Pupils have already helped to enclose the eyesore parcel of land bordering Siloh Road and will soon be regenerating it into a facility for school and community use.

Members of the school's Eco Committee will decide how the land is used but possible future uses could include food growth and an outdoor teaching space.

A spokesman for the school said: "Everyone is playing their part in this exciting and worthwhile project.

"The children and staff are working really hard and everyone is impressed with how it is taking off.

"It won't be long before you will really start to see things taking shape."

The work builds on the school's reputation for environmental excellence.

The school already boasts Eco-Schools platinum award status and its pupils represented Wales at the World Wildlife Fund (WWF) summit where they discussed green issues with Prince Charles.

Among ongoing efforts at the school are drives to increase recycling, reduce litter and waste, save energy and water, and become better global citizens.

Councillor Sybil Crouch, Swansea Council's Cabinet Member for Sustainability, has visited the school to discover the success story for herself.

She said: "What the pupils and staff of Brynhyfryd Junior School have achieved is fantastic. Pupils are taught the importance of being sustainable from a very young age and their commitment and enthusiasm set an example to people across Swansea and beyond.

"The emphasis on world learning at the school also means the pupils will be well-equipped in future to be global citizens.

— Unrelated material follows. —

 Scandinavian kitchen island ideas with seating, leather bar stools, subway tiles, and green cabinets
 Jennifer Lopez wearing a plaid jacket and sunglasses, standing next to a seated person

This is especially important as the world becomes an ever-smaller place because of vast improvements in transport and communications.

"Their efforts to transform what was an area of derelict land into a green space will have benefits for both the school and the wider community."

It is not the only project being undertaken by the school.

Money that the pupils helped raise for their contemporaries in Kenya is being used to build toilets at a school in the Kisumu region of the country.

Pupils will also soon be starting to raise money for a well in the same area.